Apareció el individuo con la tacita: un pelafustán pálido como su amo, pero más joven e infinitamente desaseado. Anunció:

—Don Jesús, en el dieciocho nos dejaron de nuevo una pared que da grima.

—¿Fue el de Angélica, Paco?

—Qué va. Si a ese tío le echo el guante…

—Más café, Paco, y por una vez calentito.

—¿Quién es el de Angélica? —preguntó Rey.

—Un mentecato que invariablemente escribe en la pared:
Angélica, siempre te busco
.

Vidal pensó: «Un abandonado. La llama con amor, pero sin ilusiones». Intercedió:

—Pobre hombre…

—¿Pobre hombre? —repitió el patrón—. Por angelitos como ese un día te clausuran el local.

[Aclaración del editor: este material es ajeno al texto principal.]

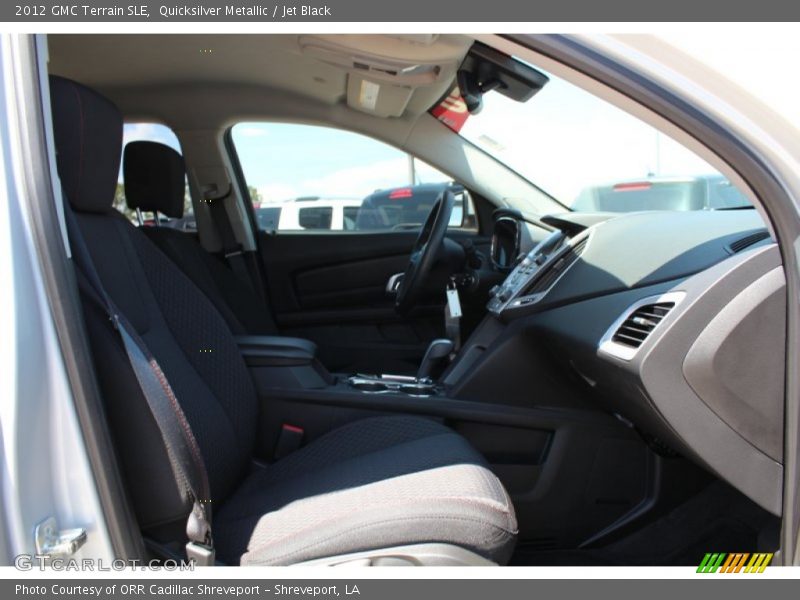 Quicksilver Metallic / Jet Black 2012 GMC Terrain SLE
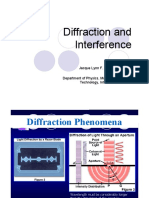 Lec06 - Light Interference and Diffraction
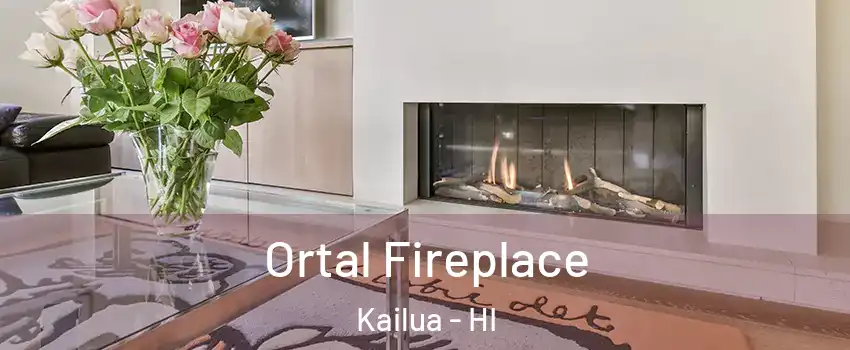 Ortal Fireplace Kailua - HI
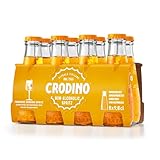Crodino alkoholfreier Aperitif, 8er Pack (8 x 98 ml)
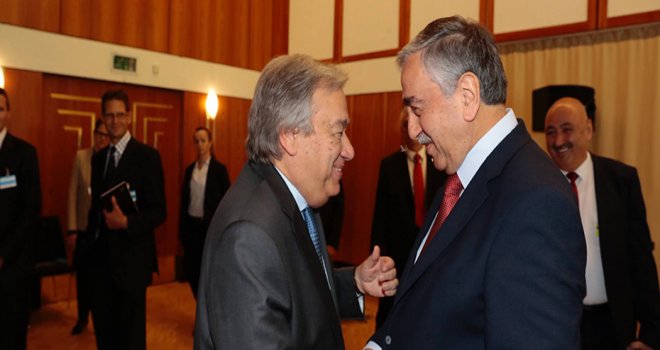 AA KIBRIS KONFERANSI ANALİZİ "İSVİÇRE'DEKİ KIBRIS KONFERANSI NEDEN BAŞARISIZ OLDU?"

—¿No cuente? —ponderó Rey.

—Tarde o temprano se cruza con la fulana, que si viene aquí no anda sola, y te la despacha como a un conejo. Desde el llano ustedes piensan que uno se da una vida regalada, que esto es un Perú.

Socarronamente Rey lo interrumpió:

—No te quejes. Fuera de las funerarias, ¿qué ramo cobra contante y sonante, como el tuyo?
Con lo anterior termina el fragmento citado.